Pacifique - Stéphanie Hochet
Stéphanie Hochet m'avait captivée en 2015 avec Un roman anglais, si anglais qu'on aurait pu le croire écrit par l'un des sujets de la Reine Elizabeth II. J'avais admiré son habileté à capter l'essence d'une époque, d'un milieu et à explorer l’ambiguïté des sentiments à travers un personnage aussi fort que complexe. J'avoue que je suis assez épatée de la façon dont elle change radicalement de style et d'univers pour se glisser ici dans la peau d'un kamikaze de la guerre du Pacifique. Autre culture, autres mœurs, autres références littéraires. Reste la finesse du trait, l'acuité du regard, la précision du mot.
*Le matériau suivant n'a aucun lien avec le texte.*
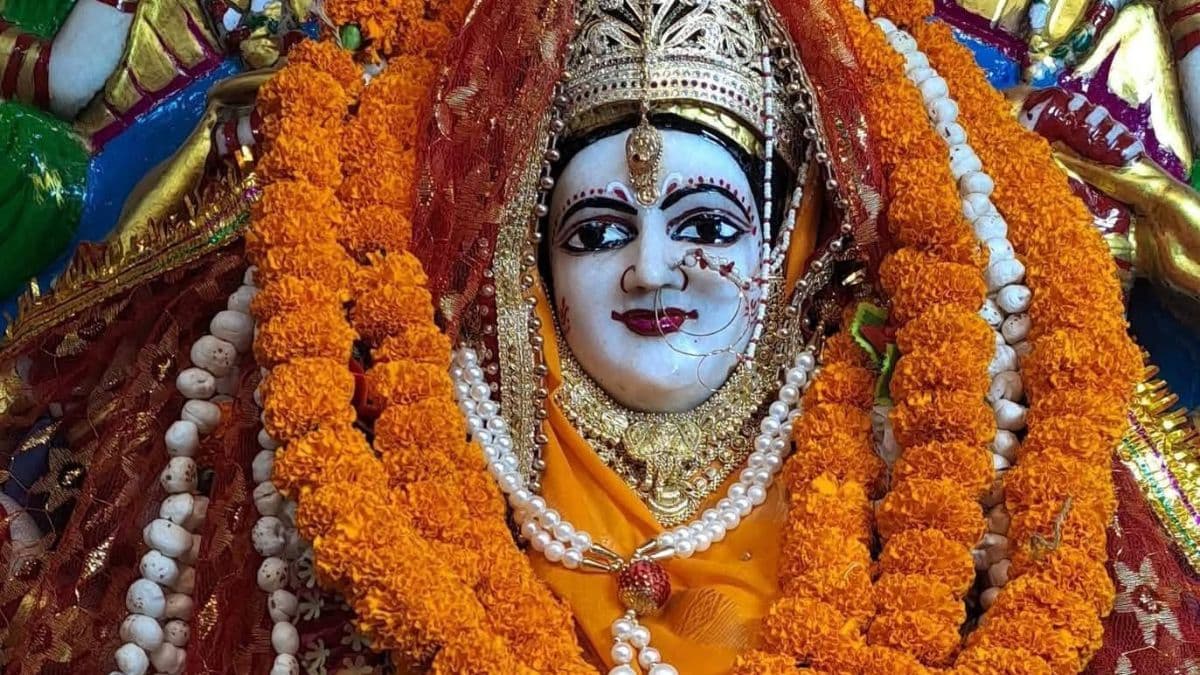 कटिहार के प्रसिद्ध दुर्गा मंदिर में सुबह 7:30 बजे से शुरू होगी पूजा, जानिए आरती का समय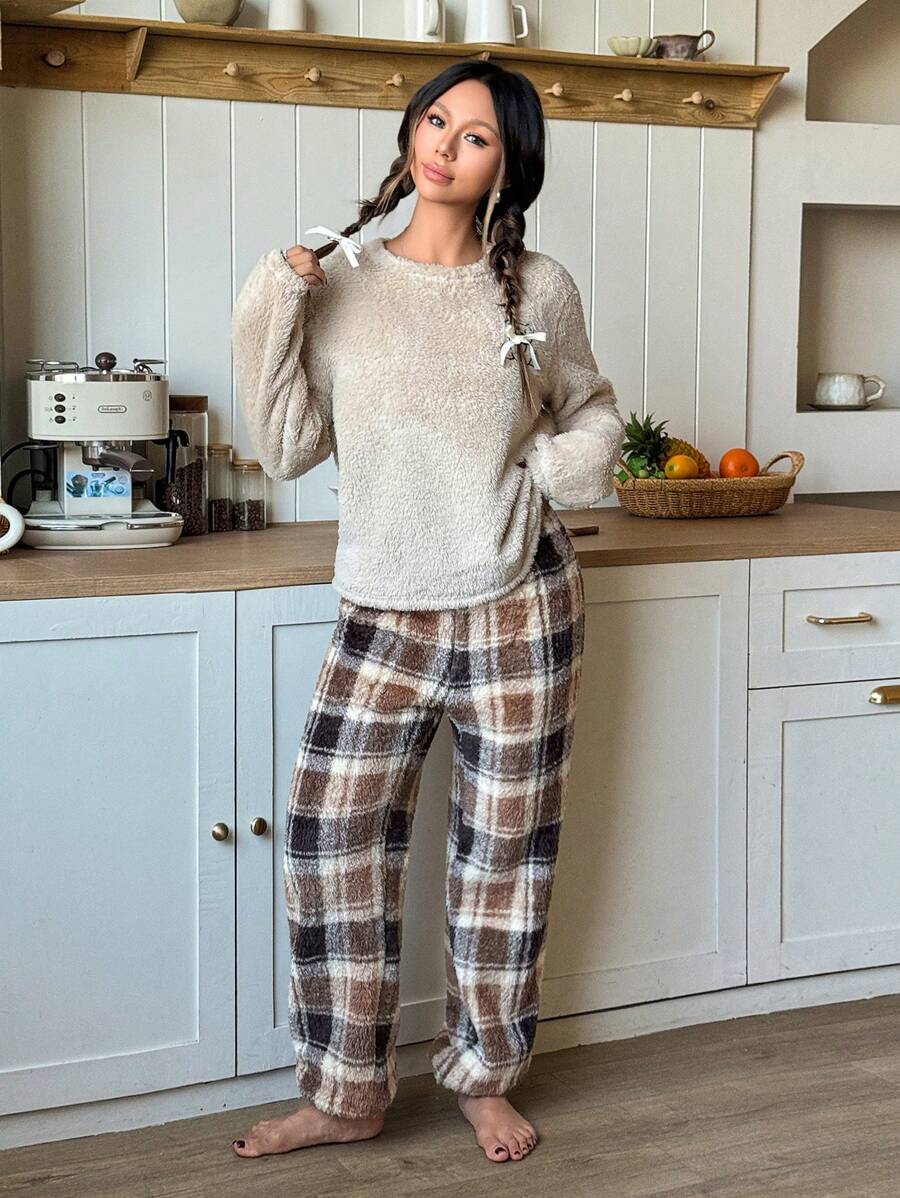 طقم بيجامة من قطعتين من SHEIN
Avril 1945. Le soldat Kaneda sait depuis longtemps ce qui l'attend, toute sa formation s'est effectuée à l'aune de cet objectif. Mais depuis quelques minutes il sait aussi que l'échéance se rapproche : ce sera dans deux jours. Ces dernières semaines, les "attaques spéciales" se multiplient dans le Pacifique pour tenter de freiner l'avancée américaine. Kaneda est prêt. Dans deux jours il décollera avec son escadrille et ira fracasser son Zéro contre le porte-avion américain qu'on lui aura assigné comme cible. Il a été élevé dans un certain code de l'honneur au service de l'Empire et de son représentant divin, celui des samouraïs. Mourir, se sacrifier le sourire aux lèvres, le summum de l'honneur. Sa vie n'a pas d'importance face à la grandeur du destin de l'Empire. Pourtant, un petit grain de sable vient titiller ses certitudes alors que des rumeurs interrogent de plus en plus durement les chances de victoire du Japon et de ses alliés. Sa vie n'aurait-elle vraiment aucune autre importance que celle du sacrifice ? Et si ce sacrifice ne servait finalement à rien ?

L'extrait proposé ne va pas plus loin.